**Materials provided:**
----

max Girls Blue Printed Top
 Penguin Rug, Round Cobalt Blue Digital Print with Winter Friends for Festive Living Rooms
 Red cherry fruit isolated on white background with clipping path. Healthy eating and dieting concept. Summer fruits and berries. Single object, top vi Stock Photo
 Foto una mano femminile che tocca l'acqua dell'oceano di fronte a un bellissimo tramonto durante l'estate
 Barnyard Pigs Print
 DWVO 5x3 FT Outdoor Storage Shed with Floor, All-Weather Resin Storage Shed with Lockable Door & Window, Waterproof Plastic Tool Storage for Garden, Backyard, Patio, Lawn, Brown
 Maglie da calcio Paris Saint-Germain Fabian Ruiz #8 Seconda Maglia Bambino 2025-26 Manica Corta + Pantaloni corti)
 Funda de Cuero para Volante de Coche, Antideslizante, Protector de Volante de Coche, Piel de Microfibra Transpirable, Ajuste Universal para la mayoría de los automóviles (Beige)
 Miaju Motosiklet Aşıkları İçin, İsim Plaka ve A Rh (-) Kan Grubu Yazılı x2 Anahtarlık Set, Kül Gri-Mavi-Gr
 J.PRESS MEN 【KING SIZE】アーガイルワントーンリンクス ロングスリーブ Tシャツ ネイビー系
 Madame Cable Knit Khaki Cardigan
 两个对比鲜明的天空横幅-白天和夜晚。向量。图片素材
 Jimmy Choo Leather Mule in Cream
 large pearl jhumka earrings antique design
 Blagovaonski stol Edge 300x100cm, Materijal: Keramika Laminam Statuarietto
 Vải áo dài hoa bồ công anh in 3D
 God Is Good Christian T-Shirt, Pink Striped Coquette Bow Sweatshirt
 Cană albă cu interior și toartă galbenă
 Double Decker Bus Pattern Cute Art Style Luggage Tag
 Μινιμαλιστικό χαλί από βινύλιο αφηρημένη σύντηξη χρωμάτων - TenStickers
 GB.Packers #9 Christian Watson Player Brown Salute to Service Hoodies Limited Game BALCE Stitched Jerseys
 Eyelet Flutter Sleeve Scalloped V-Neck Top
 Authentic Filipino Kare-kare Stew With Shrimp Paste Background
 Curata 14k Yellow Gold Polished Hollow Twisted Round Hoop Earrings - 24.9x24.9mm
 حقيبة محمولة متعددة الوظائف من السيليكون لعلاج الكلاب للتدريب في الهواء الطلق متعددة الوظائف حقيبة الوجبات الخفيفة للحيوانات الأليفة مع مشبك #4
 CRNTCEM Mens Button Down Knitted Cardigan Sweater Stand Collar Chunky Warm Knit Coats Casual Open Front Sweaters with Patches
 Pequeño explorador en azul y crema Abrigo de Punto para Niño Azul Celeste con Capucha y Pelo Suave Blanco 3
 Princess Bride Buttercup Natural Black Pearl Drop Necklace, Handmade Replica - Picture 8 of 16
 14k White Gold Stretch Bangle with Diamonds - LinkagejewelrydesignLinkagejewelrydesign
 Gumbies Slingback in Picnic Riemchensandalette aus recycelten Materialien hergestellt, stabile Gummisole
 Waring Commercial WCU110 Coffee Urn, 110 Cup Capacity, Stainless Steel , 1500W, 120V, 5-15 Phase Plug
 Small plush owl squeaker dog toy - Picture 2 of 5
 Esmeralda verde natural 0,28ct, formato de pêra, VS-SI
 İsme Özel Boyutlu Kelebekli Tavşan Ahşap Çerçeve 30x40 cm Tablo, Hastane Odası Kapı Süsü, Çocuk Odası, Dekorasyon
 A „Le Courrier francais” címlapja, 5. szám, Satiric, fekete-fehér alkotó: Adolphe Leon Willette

----

**Aim of the exercise:** Beginning at the line above that contains "Cană albă cu interior și toartă galbenă", return each line exactly through the line that contains "Waring Commercial WCU110", and no others.

**Result of this task:**
 Cană albă cu interior și toartă galbenă
 Double Decker Bus Pattern Cute Art Style Luggage Tag
 Μινιμαλιστικό χαλί από βινύλιο αφηρημένη σύντηξη χρωμάτων - TenStickers
 GB.Packers #9 Christian Watson Player Brown Salute to Service Hoodies Limited Game BALCE Stitched Jerseys
 Eyelet Flutter Sleeve Scalloped V-Neck Top
 Authentic Filipino Kare-kare Stew With Shrimp Paste Background
 Curata 14k Yellow Gold Polished Hollow Twisted Round Hoop Earrings - 24.9x24.9mm
 حقيبة محمولة متعددة الوظائف من السيليكون لعلاج الكلاب للتدريب في الهواء الطلق متعددة الوظائف حقيبة الوجبات الخفيفة للحيوانات الأليفة مع مشبك #4
 CRNTCEM Mens Button Down Knitted Cardigan Sweater Stand Collar Chunky Warm Knit Coats Casual Open Front Sweaters with Patches
 Pequeño explorador en azul y crema Abrigo de Punto para Niño Azul Celeste con Capucha y Pelo Suave Blanco 3
 Princess Bride Buttercup Natural Black Pearl Drop Necklace, Handmade Replica - Picture 8 of 16
 14k White Gold Stretch Bangle with Diamonds - LinkagejewelrydesignLinkagejewelrydesign
 Gumbies Slingback in Picnic Riemchensandalette aus recycelten Materialien hergestellt, stabile Gummisole
 Waring Commercial WCU110 Coffee Urn, 110 Cup Capacity, Stainless Steel , 1500W, 120V, 5-15 Phase Plug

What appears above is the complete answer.